──────── RECORDS

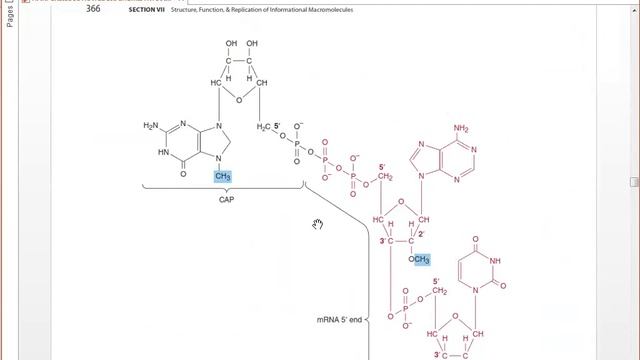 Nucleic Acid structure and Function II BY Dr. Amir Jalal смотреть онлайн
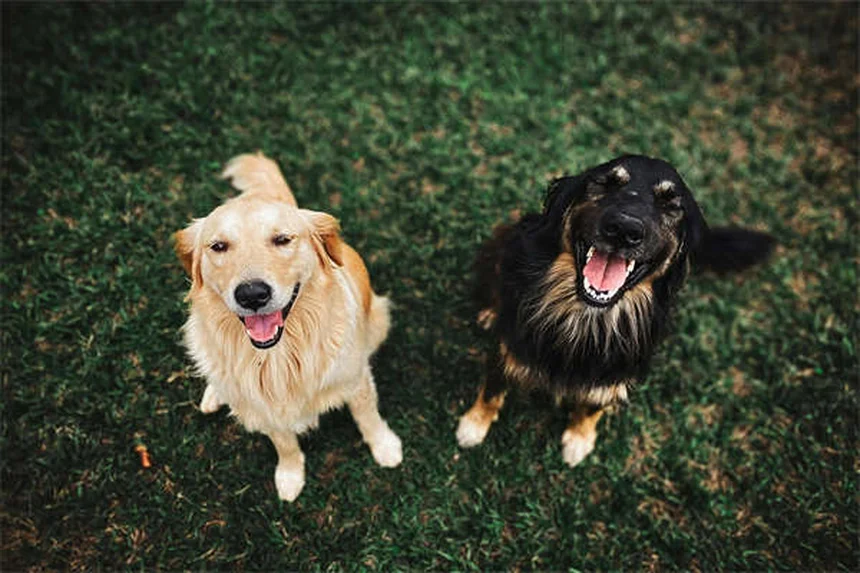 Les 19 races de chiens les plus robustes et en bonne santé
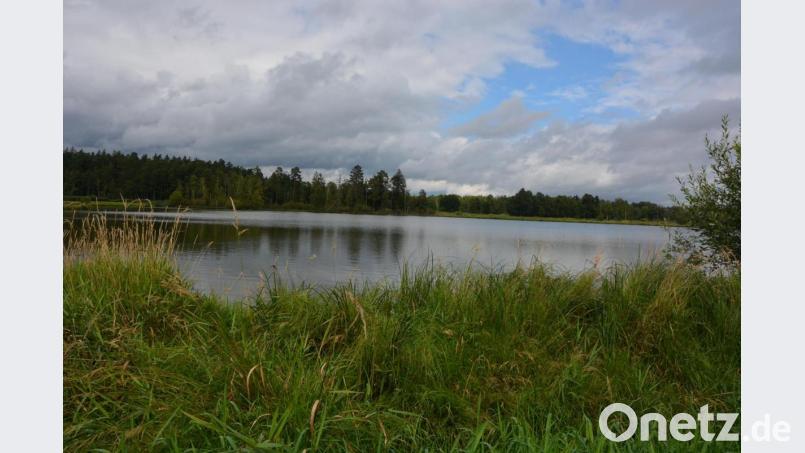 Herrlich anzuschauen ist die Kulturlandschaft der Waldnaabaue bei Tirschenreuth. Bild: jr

────────────────
──────── RECORDS

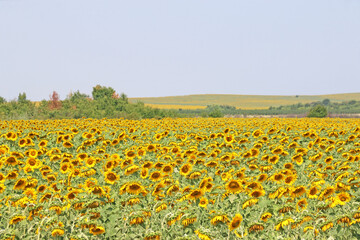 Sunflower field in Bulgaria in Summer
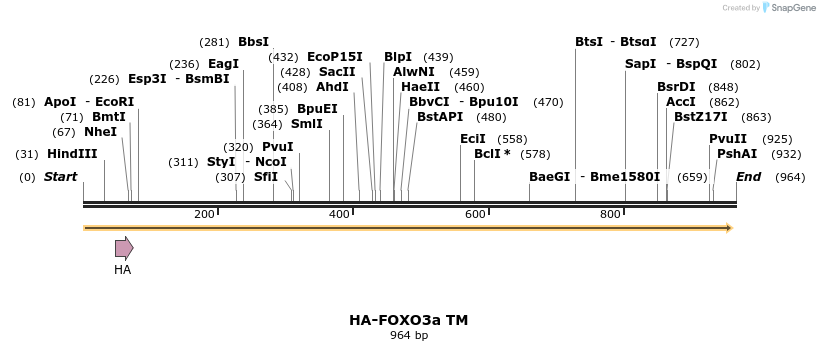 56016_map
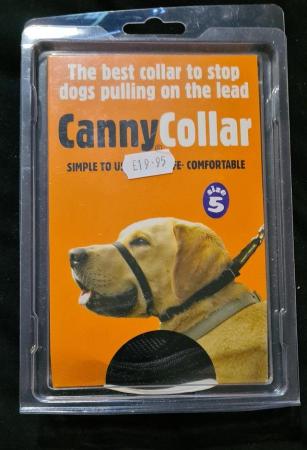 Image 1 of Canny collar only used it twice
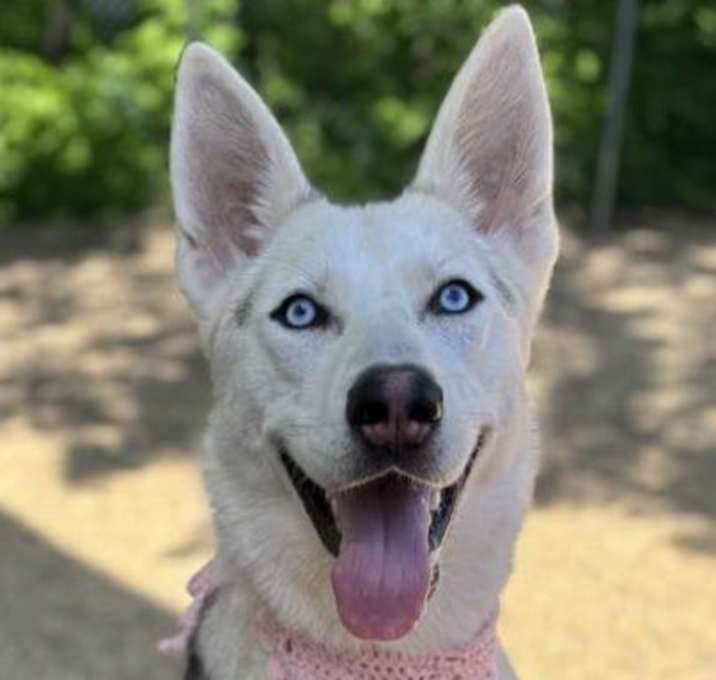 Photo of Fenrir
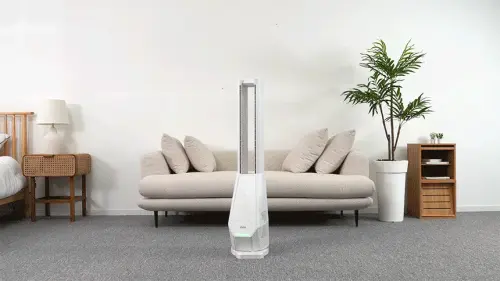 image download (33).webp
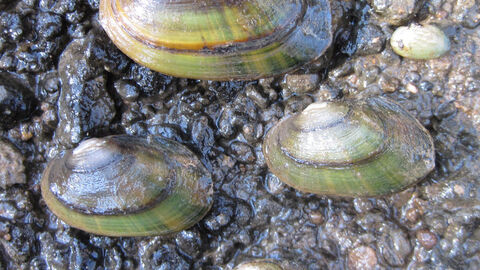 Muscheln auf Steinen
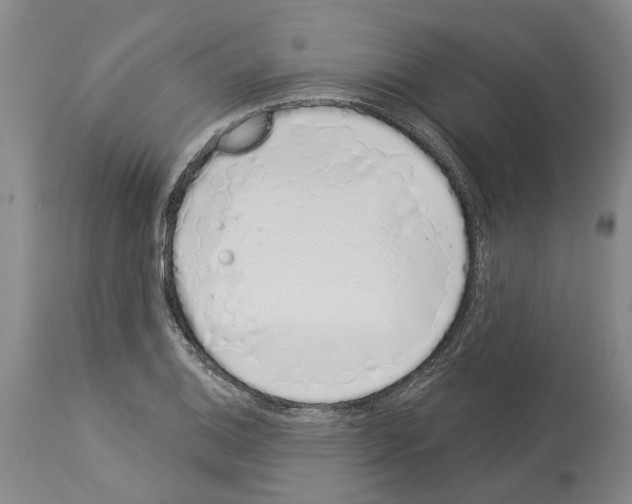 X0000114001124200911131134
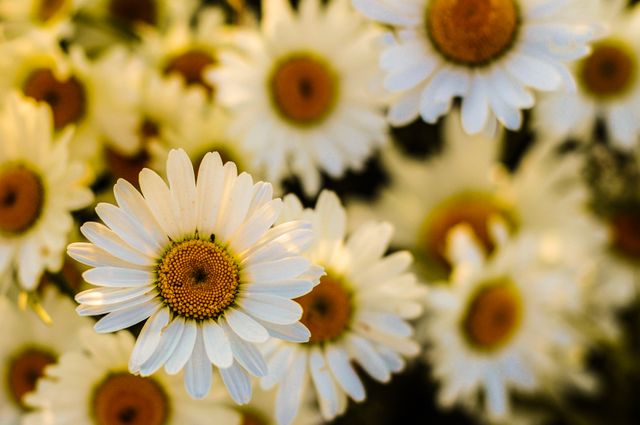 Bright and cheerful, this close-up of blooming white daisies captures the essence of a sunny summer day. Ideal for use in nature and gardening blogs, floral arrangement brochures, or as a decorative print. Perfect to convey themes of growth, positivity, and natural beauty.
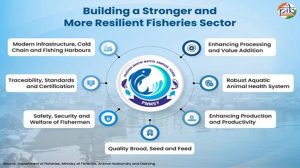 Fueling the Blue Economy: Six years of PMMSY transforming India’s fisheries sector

────────────────

WHAT YOU HAVE TO DO: Only one part of the listing is wanted: the lines from the one containing "Sunflower field in Bulgaria in Summer" through the one containing "X0000114001124200911131134", both included. Please transcribe it exactly, leaving out the pictures.

REPLY TO THE EXERCISE:
 Sunflower field in Bulgaria in Summer
 56016_map
 Image 1 of Canny collar only used it twice
 Photo of Fenrir
 image download (33).webp
 Muscheln auf Steinen
 X0000114001124200911131134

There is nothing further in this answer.